Franco D’Andrea Piano Solo

Foto: Andrea Buccella









Franco D’Andrea Piano Solo

Chieti in Jazz 2010. Chieti, 25.9.2010


Ogni concerto in piano solo di Franco D’Andrea andrebbe considerato un piccolo evento musicale e l’esibizione tenutasi sabato scorso all’Auditorium Cianfarani di Chieti non lo è stata da meno. Questo innanzitutto perché il lavoro che il pianista meranese conduce da anni sul suo strumento è di qualità riconosciuta ormai a livello mondiale ma anche perché, a scorrere la sua discografia, ci si accorge che la dimensione solitaria del piano solo è, oltre ad essere tra i contesti esecutivi preferiti dal musicista, quella a cui ha dedicato gran parte del suo tempo, portandolo a quell’approccio così personale nella reinterpretazione della musica afroamericana per cui è unanimamente riconosciuto.


Da anni infatti il repertorio in piano solo di D’Andrea si basa, oltre ai suoi originali, prevalentemente su quei brani che nell’arco di tempo che và dagli anni ’20 ai ’60 hanno fatto la storia della musica jazz, filtrati da quella sua sensibilità artistica così profonda e colta.


L’approccio che D’Andrea ha sul pianoforte è di tipo artigianale; lo stesso che, con tutte le dovute differenze, avrebbe un’abile artigiano sul suo strumento da lavoro: la manualità, l’abilità, il lavoro certosino di cesellatura dei dettagli e di scarto delle parti eccedenti unite ad anni di esperienza e saggezza creativa si traducono in una musica che è il frutto di scelte musicali meditate e illuminanti.
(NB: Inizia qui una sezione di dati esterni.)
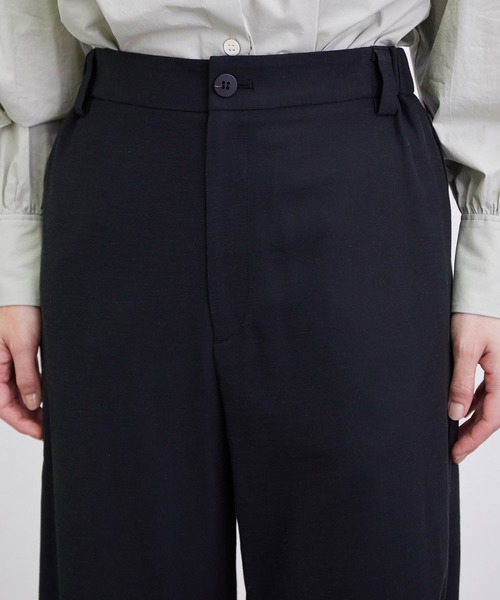 SALON adam et rope'（サロン アダム エ ロペ）の「【セットアップ対応】［さらっと快適］麻混ツイルリラックスパンツ（スラックス・レディース・ベージュ/ブラック/カーキ・S/M）」の19枚目の写真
La sua stessa presenza sul palco rivela quell’umiltà di fondo che è alla base del suo carattere e di quel suo approccio musicale così scevro di divismi. Uno scroscio di applausi seguito da un paio dei suoi timidi inchini a labbra serrate lo introducono verso quel pianoforte che sarà il suo mezzo espressivo per la restante ora e mezza. La musica attacca come se venisse da una dimensione altra della sua mente in cui fosse cominciata già qualche secondo prima che le sue dita si posassero sul pianoforte, con quell’urgenza creativa di chi è ormai una cosa sola con la sua arte.


La musica che ne risulta assomiglia a una materia in continua rielaborazione ritmico-melodica, alla ricerca di inusitate rielaborazioni armoniche su brani che non smettono da anni di vestire una nuova pelle. Alcuni palesati in maniera chiara come Round Midnight o Lover Man, altri più nascosti e affioranti solo per breve tempo a galleggiare nel magma musicale che D’Andrea riesce a produrre: Epistrophy, I Got Rhythm, Cherokee o Well, You Needn’t sono standards “naufraghi” nell’immaginario musicale del pianista che sembra procedere per assonanze armoniche e intervallari in un gioco di associazioni di idee che cortocircuitano con la capacità del pubblico nel sapere riconoscere quei temi così celebri eppure in quel momento così profondamente diversi.


Le mani di D’Andrea assecondano le sue digressioni musicali in percorsi totalmente diversi: la frammentazione ritmica dell’accompagnamento della destra spesso si allontana armonicamente dagli anticipi e dai ritardi della linea melodica della sinistra, fino a trovarsi alle estremità opposte.


Alla fine del concerto questo sapiente artigiano della musica si alza e sorride, inchinandosi nello stesso timido modo con cui aveva esordito, e tra gli applausi calorosi del pubblico, forse si è augurato umilmente che anche questa volta la clientela fosse stata soddisfatta dei suoi colpi di cesello.